泥土比啤酒还难弄干净,好在他今天没穿颜色特别浅的衣服,勉勉强强能收拾得体。
至于方趁时,他只随便掸了掸裤子。
回到桌边的时候,地上已经被清扫过了,看不到啤酒瓶的碎片。冯扬和许越坐在那里,一个看着另一个吃东西。
“回来了?”冯扬抬眼,“人我赶出去了,以后也不会再让他来,你们——”
他话音一顿,对着谢晏看了一眼,有些惊奇,但开口时还记得压低了声音,“你哭了?就这点小事?”

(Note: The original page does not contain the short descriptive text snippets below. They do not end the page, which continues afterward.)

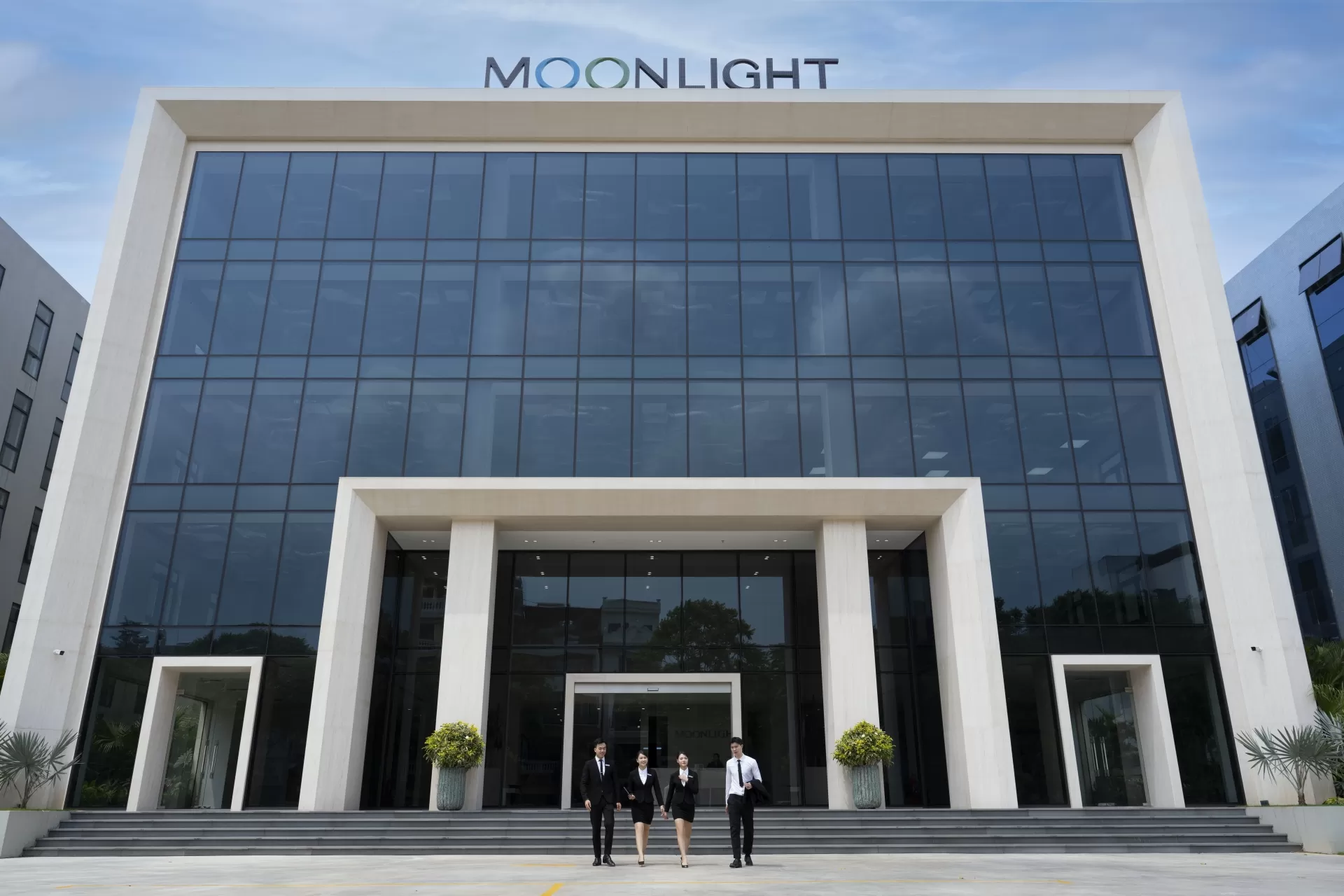 4,000 m2 sàn Văn phòng<br> và Thương mại Cao cấp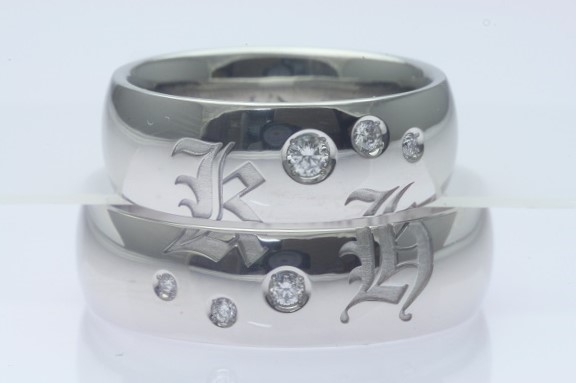 ハワイ文字を刻印したご結婚指輪のサムネイル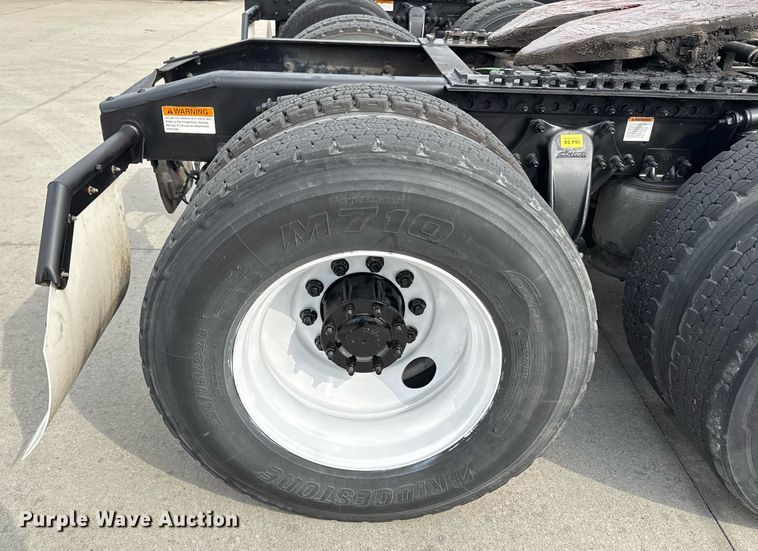 image for item DS4277 2016 Freightliner Cascadia semi truck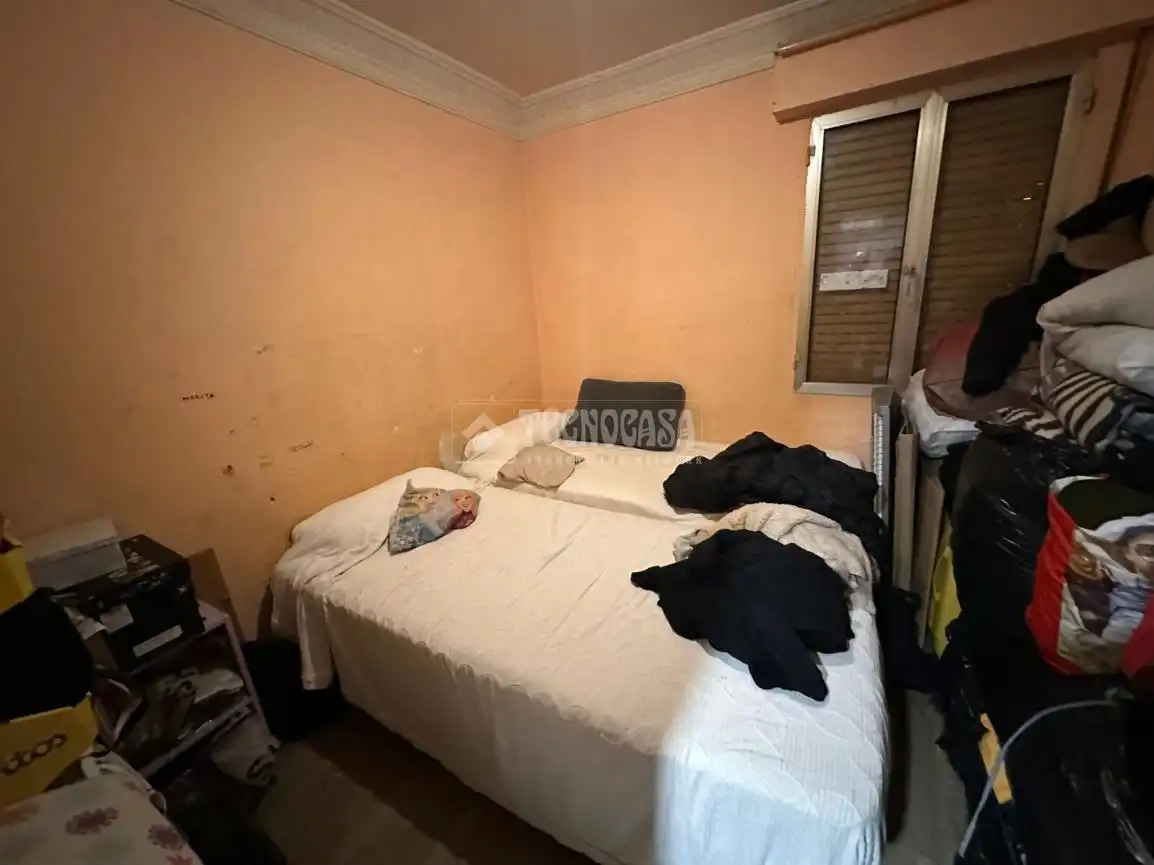 Bedroom of Flat for sale in Zaragoza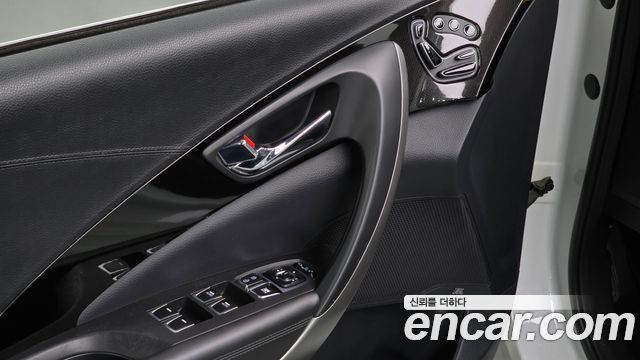 Hyundai Grandeur 2015 — photo 16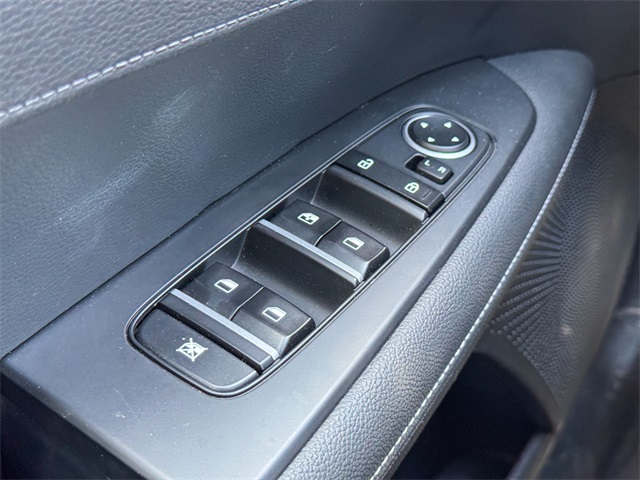 Vehicle image 38 of 47
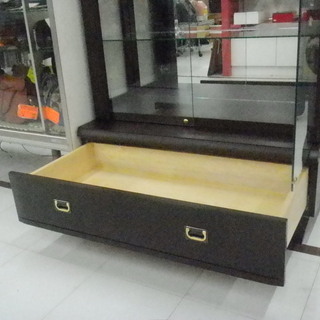 コレクションボード 背面ミラー付き 幅89×奥32×高151.5㎝ 棚５段 引き出し付き ライト付き 苫小牧西店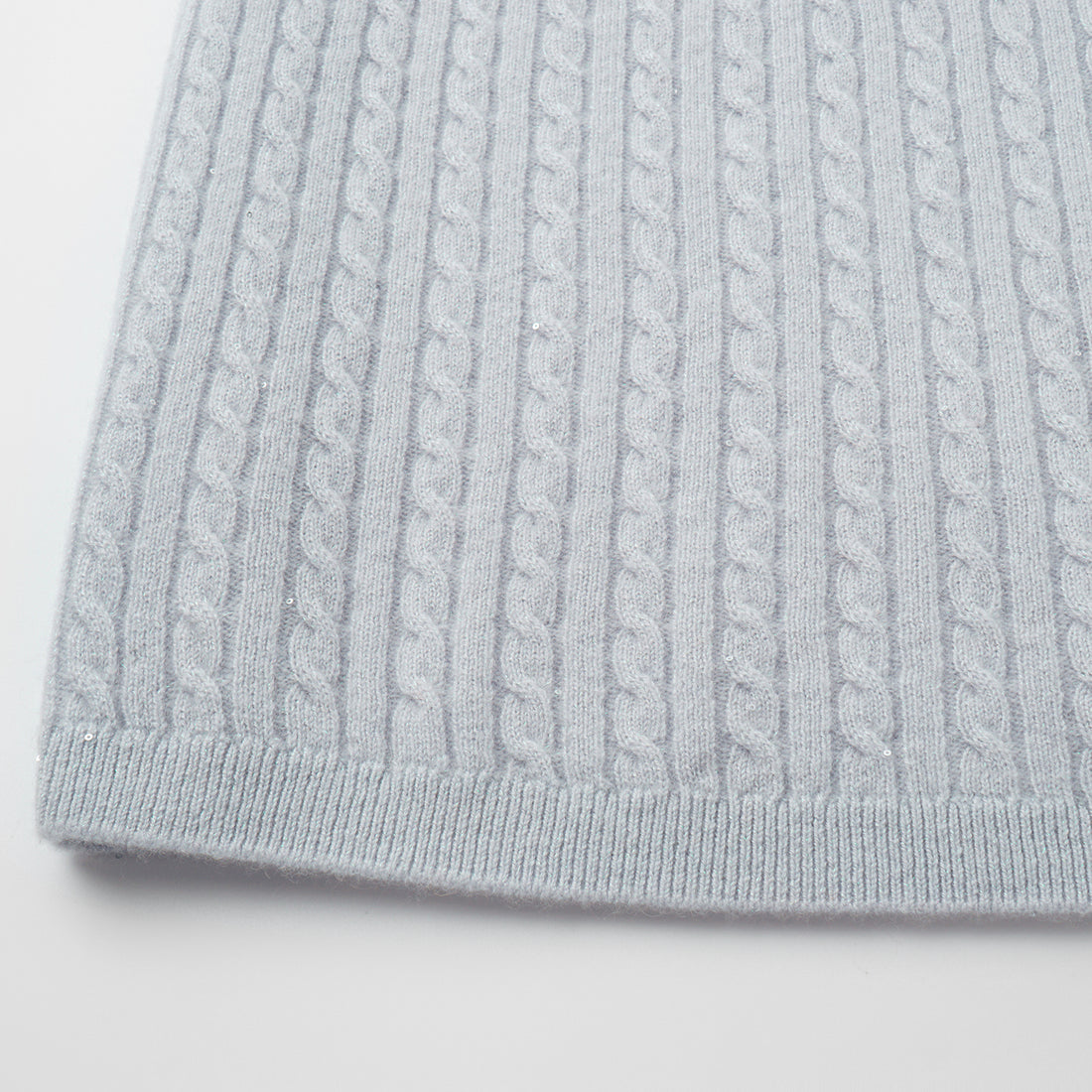 “Autumn Diary” 100% Cashmere極細絨柔星點針織鉛筆裙—Nebula Veil霧影星河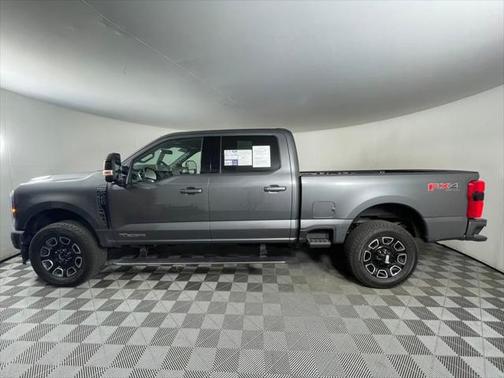 2025 Ford F-350 Platinum
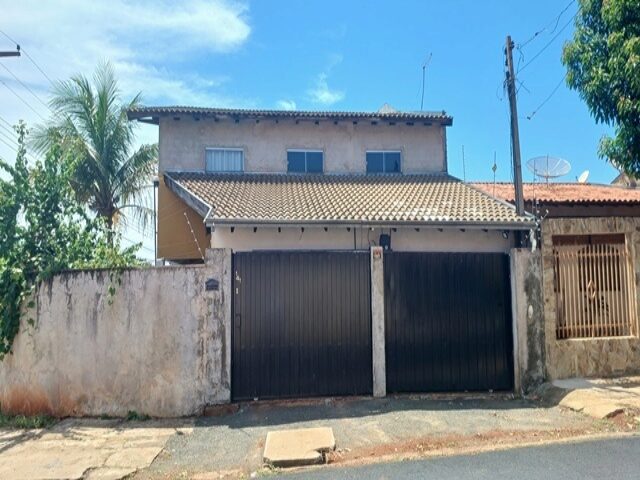 DATA DE TERRAS SOB Nº 15, DA QUADRA Nº 11, COM A ÁREA DE 279,48M² - RUA HYPOLICOSCINIO LUCIO SOARES, 141, localizado em Londrina - PR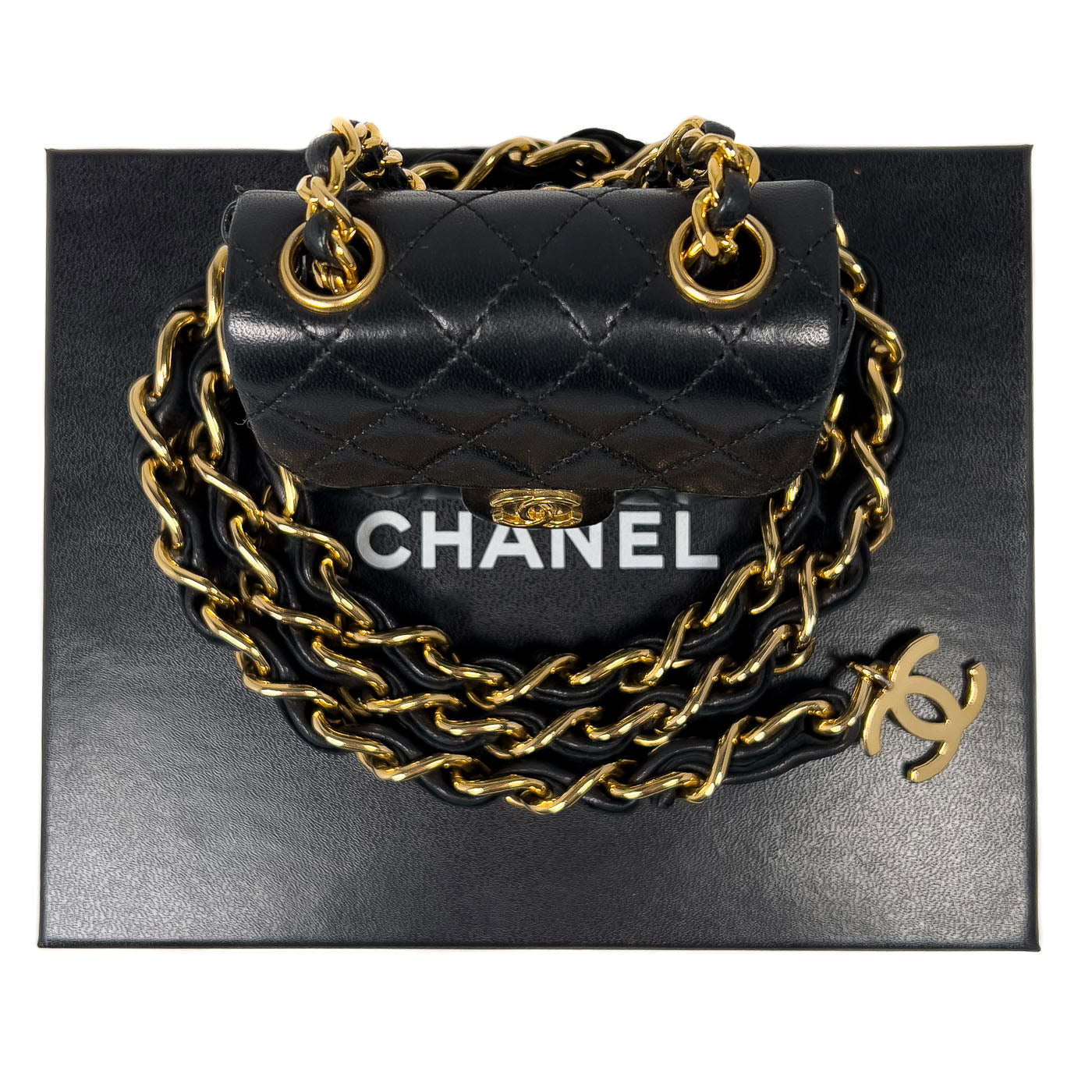 Vintage Chanel Classic Micro Charm Flap Bag met CC-kettingriem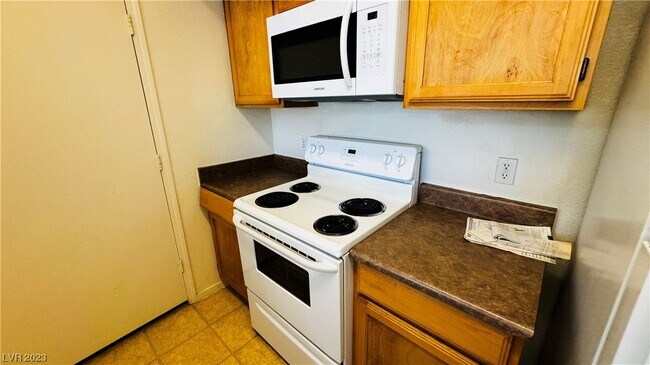 Building Photo - 45 Maleena Mesa St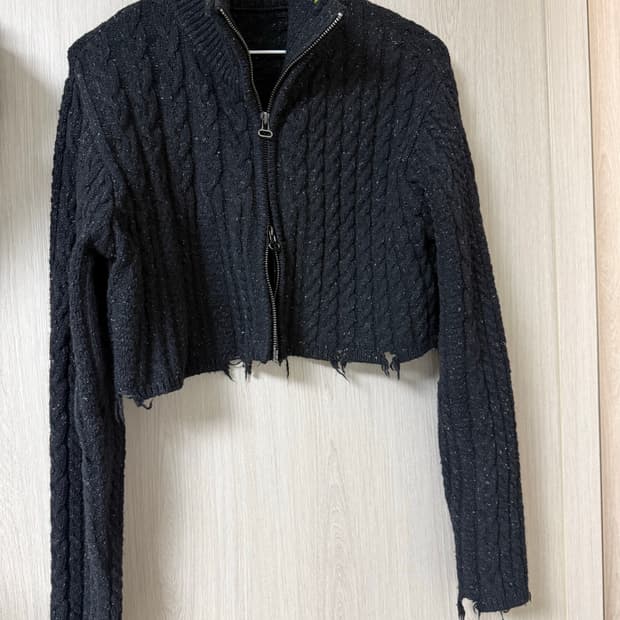 더일마 크롭 니트 집업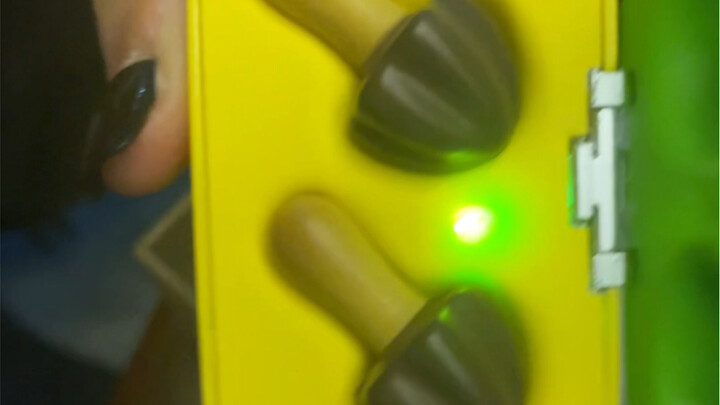 Tai nghe của Mô Cổ Lực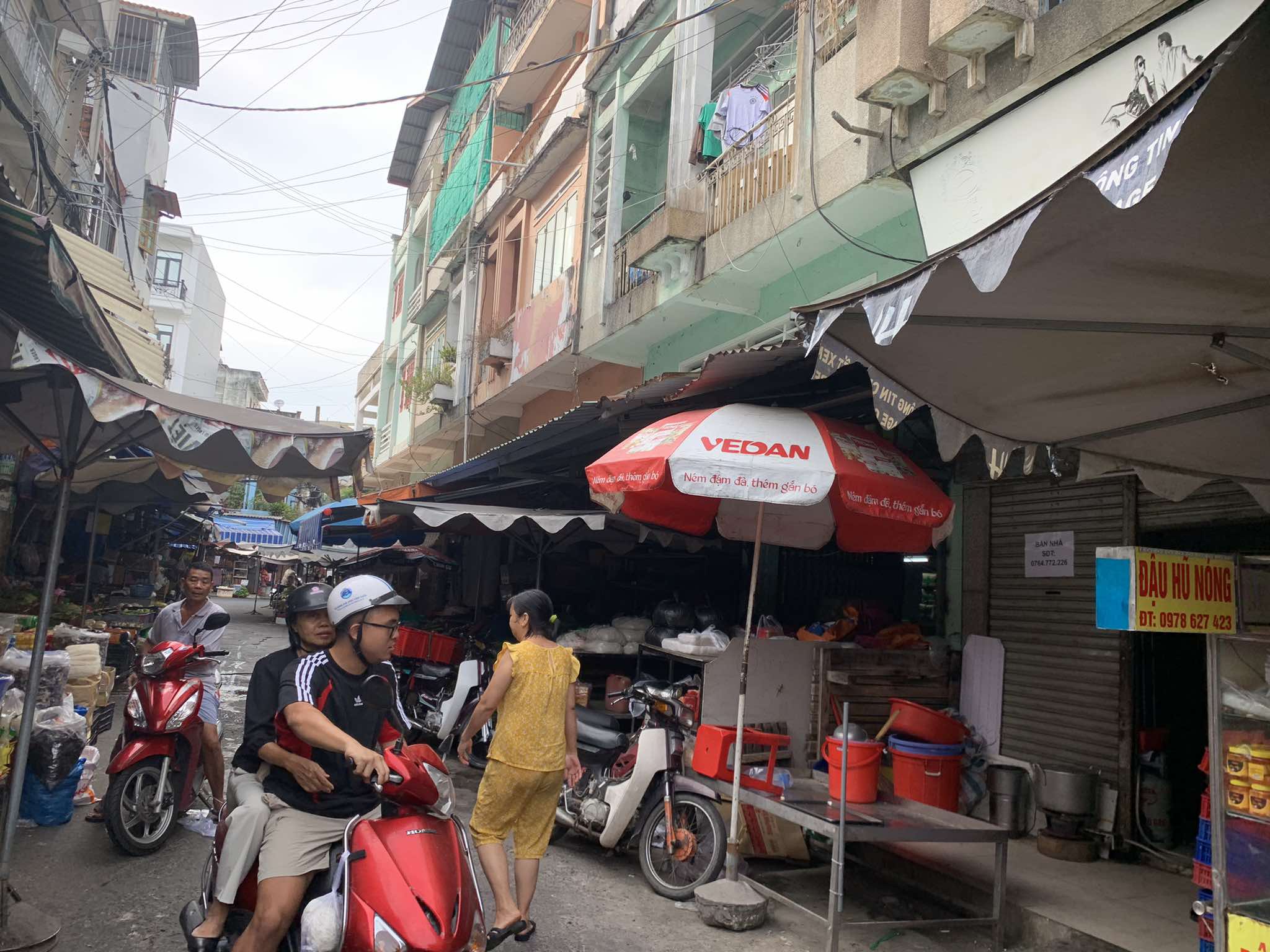 Bán nhà riêng tại Nguyễn Kiệm, 7,4 tỷ, 37,6m2, 1PN, 1WC, 2 tầng, hướng Tây, bao đẹp!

“怎么可能。”谢晏无所谓地笑了笑,除了眼尾还有点红之外,别的动作表情都很正常,“是刚刚跟他吵了一架。”
他指指方趁时。
冯扬更惊奇了:“你吃醋啊?”
“不是。”方趁时坐下,“我惹他了,我的问题。”
冯扬被震住,半晌嘴里冒出一句国骂:“真绝了,方大少爷居然会认错的啊?”
方趁时懒得理他。
他心里惦记着那档子事,颇为心不在焉,等谢晏又去赛道上跑了几圈,跑舒服了,就跟冯扬告了辞。
冯扬让谢晏以后再出来,并且跟他保证以后不会再有类似的事情发生。
就算谢晏不是方趁时的对象,那也是他冯扬的朋友,断没有在他攒的局上被人下面子的道理。
谢晏答应了。
他们来的时候就一辆机车,回去的时候也就这一辆。谢晏坐在后面,搂着方趁时的腰,身体紧紧地贴着他。
机车轰鸣着,在夜色中一路疾驰回翠园。